Problem => Take each line from the material below that includes the string "Wide" and copy it.

:::

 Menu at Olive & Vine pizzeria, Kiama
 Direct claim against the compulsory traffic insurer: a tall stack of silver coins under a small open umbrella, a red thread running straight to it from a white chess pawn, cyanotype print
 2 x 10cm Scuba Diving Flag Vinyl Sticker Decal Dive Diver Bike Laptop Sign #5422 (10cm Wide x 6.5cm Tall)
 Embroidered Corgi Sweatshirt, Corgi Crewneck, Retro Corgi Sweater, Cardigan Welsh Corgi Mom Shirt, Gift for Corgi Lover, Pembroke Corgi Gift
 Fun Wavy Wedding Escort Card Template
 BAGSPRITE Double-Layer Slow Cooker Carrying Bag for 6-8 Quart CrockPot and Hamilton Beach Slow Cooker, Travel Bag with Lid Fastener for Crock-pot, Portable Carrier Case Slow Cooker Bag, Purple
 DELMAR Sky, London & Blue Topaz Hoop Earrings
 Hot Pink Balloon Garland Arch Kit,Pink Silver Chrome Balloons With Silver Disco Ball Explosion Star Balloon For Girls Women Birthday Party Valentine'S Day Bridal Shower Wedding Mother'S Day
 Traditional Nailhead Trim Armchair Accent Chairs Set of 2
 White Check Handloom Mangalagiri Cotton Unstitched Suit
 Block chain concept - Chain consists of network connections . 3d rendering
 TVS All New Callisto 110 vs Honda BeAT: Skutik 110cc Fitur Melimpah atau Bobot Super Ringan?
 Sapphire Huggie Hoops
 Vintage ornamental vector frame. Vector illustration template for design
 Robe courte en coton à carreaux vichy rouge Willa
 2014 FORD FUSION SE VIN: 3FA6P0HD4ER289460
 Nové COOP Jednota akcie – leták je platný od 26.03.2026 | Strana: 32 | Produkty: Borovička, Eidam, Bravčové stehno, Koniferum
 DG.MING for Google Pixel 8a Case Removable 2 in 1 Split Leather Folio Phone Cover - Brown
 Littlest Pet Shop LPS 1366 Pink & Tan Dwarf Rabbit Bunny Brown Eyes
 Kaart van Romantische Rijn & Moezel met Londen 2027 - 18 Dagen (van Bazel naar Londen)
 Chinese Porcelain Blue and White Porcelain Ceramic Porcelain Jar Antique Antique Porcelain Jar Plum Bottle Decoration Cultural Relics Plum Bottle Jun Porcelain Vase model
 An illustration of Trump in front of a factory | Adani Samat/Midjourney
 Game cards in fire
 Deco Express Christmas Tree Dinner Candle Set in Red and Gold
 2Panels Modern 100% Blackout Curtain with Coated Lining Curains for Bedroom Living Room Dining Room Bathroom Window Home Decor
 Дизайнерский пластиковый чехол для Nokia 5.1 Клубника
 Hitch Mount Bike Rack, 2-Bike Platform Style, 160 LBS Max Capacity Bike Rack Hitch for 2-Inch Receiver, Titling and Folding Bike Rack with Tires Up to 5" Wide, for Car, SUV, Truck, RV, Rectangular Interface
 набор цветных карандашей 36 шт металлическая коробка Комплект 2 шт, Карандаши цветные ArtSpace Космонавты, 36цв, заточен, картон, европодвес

:::

Output of the task =>
 2 x 10cm Scuba Diving Flag Vinyl Sticker Decal Dive Diver Bike Laptop Sign #5422 (10cm Wide x 6.5cm Tall)
 Hitch Mount Bike Rack, 2-Bike Platform Style, 160 LBS Max Capacity Bike Rack Hitch for 2-Inch Receiver, Titling and Folding Bike Rack with Tires Up to 5" Wide, for Car, SUV, Truck, RV, Rectangular Interface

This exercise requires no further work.